━━ RECORDS TO USE

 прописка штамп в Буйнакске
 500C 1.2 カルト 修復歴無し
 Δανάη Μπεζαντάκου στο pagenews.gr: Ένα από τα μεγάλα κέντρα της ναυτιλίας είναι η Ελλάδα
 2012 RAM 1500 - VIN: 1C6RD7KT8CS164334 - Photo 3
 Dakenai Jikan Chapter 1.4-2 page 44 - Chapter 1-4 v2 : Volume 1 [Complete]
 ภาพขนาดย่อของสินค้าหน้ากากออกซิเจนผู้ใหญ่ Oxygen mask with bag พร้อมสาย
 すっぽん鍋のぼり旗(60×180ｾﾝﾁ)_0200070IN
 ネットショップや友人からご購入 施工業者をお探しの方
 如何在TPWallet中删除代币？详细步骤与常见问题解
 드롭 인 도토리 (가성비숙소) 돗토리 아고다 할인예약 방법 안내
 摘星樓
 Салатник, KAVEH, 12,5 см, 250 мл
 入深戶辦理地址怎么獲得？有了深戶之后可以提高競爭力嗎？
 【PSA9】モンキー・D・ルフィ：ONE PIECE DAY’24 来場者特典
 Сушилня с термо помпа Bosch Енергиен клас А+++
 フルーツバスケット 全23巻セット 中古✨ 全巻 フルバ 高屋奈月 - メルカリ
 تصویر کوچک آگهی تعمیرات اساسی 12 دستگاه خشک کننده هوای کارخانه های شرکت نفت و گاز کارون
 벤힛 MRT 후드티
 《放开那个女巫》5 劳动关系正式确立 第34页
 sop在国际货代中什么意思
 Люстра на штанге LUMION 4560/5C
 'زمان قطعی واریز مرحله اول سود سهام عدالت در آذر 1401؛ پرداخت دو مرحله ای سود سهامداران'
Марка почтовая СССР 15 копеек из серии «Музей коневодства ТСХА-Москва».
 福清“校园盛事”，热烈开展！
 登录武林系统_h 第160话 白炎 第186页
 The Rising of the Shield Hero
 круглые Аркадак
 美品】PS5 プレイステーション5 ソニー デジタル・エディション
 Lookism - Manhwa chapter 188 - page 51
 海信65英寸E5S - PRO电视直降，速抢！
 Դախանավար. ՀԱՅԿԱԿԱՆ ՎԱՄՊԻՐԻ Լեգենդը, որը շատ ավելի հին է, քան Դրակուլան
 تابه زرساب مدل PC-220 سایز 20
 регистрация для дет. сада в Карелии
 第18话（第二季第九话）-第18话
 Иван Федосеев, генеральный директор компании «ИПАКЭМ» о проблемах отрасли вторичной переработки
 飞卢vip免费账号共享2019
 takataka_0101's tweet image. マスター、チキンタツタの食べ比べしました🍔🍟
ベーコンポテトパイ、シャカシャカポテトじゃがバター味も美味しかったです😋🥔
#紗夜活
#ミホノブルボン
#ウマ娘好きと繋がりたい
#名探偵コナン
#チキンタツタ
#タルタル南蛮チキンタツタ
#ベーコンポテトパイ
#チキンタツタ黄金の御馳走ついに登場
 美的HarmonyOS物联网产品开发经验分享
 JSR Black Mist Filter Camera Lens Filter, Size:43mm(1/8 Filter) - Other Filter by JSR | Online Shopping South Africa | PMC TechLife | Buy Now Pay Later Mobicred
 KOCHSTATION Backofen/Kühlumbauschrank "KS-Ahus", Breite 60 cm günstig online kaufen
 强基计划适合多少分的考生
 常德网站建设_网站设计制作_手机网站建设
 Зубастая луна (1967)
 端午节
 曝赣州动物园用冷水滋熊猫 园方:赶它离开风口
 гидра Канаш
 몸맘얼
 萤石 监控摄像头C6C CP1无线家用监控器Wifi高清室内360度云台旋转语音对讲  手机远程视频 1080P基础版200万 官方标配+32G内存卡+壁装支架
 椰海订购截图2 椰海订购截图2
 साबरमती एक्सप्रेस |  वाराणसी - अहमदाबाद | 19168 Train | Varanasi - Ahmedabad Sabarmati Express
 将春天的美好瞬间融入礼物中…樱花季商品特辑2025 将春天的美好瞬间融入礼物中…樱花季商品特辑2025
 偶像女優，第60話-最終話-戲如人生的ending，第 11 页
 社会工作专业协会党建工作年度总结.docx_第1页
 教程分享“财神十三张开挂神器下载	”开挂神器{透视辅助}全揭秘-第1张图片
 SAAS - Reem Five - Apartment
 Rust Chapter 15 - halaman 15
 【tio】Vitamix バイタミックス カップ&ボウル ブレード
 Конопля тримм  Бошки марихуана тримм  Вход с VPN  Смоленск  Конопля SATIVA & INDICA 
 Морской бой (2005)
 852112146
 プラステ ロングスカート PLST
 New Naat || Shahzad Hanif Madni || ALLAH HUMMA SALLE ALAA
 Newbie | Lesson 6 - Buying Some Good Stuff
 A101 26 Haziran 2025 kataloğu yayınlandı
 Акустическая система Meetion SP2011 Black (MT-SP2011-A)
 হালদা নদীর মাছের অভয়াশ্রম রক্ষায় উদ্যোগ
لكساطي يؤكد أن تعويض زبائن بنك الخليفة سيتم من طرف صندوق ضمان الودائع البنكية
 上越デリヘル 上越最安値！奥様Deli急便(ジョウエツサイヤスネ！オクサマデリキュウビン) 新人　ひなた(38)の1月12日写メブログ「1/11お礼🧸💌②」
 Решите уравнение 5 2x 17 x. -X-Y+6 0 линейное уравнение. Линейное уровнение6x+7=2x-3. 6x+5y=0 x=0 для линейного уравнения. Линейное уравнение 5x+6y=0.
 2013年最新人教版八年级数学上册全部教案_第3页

━━━━

__PROBLEM STATEMENT__
Reproduce exactly the section above that begins at the line containing "Морской бой (2005)" and ends at the line containing "হালদা নদীর মাছের অভয়াশ্রম রক্ষায় উদ্যোগ", leaving out all other lines.

__SOLUTION FOR THIS TASK__
 Морской бой (2005)
 852112146
 プラステ ロングスカート PLST
 New Naat || Shahzad Hanif Madni || ALLAH HUMMA SALLE ALAA
 Newbie | Lesson 6 - Buying Some Good Stuff
 A101 26 Haziran 2025 kataloğu yayınlandı
 Акустическая система Meetion SP2011 Black (MT-SP2011-A)
 হালদা নদীর মাছের অভয়াশ্রম রক্ষায় উদ্যোগ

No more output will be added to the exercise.